Adopt coordinate system and transformation between angular and pixel coordinates of a re-binned image.
- stack_images(image_list, wht_list, sigma_list)[source]¶
Stacks images and saves new image as a fits file.
- Returns:
- cut_edges(image, num_pix)[source]¶
Cuts out the edges of a 2d image and returns re-sized image to numPix center is well defined for odd pixel sizes.
- Parameters:
image – 2d numpy array
num_pix – square size of cut out image
- Returns:
cutout image with size numPix
lenstronomy.Util.kernel_util module¶
Routines that manipulate convolution kernels.
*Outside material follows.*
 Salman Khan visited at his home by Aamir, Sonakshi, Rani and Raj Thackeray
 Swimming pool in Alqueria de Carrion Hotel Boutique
- de_shift_kernel(kernel, shift_x, shift_y, iterations=20, fractional_step_size=1)[source]¶
De-shifts a shifted kernel to the center of a pixel. This is performed iteratively.
The input kernel is the solution of a linear interpolated shift of a sharper kernel centered in the middle of the pixel. To find the de-shifted kernel, we perform an iterative correction of proposed de-shifted kernels and compare its shifted version with the input kernel.
- Parameters:
kernel – (shifted) kernel, e.g. a star in an image that is not centered in the pixel grid
shift_x – x-offset relative to the center of the pixel (sub-pixel shift)
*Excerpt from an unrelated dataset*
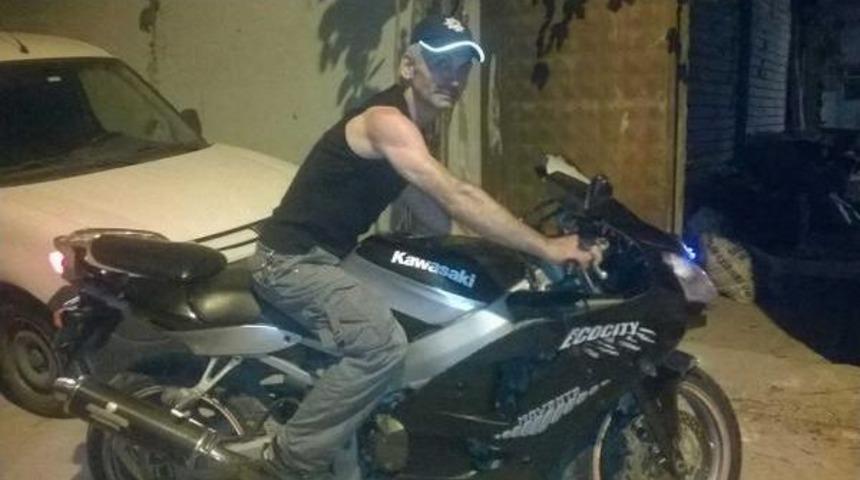 Motosiklet Tır'a &Ccedil;arptı; 16 Yaşındaki Gen&ccedil; Kız &Ouml;ld&uuml;, Baba Komada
shift_y – y-offset relative to the center of the pixel (sub-pixel shift)
iterations – number of repeated iterations of shifting a new de-shifted kernel and apply corrections
fractional_step_size – float (0, 1] correction factor relative to previous proposal (can be used for stability
- Returns:
de-shifted kernel such that the interpolated shift boy (shift_x, shift_y) results in the input kernel
- center_kernel(kernel, iterations=20)[source]¶
Given a kernel that might not be perfectly centered, this routine computes its light weighted center and then moves the center in an iterative process such that it is centered.
- Parameters:
kernel – 2d array (odd numbers)
iterations – int, number of iterations
- Returns:
centered kernel
- subgrid_kernel(kernel, subgrid_res, odd=False, num_iter=100)[source]¶
Creates a higher resolution kernel with subgrid resolution as an interpolation of the original kernel in an iterative approach.
- Parameters:
kernel (2d numpy array with square odd size) – initial kernel
subgrid_res (integer) – subgrid resolution required
odd (boolean) – forces odd axis size return (-1 in size if even)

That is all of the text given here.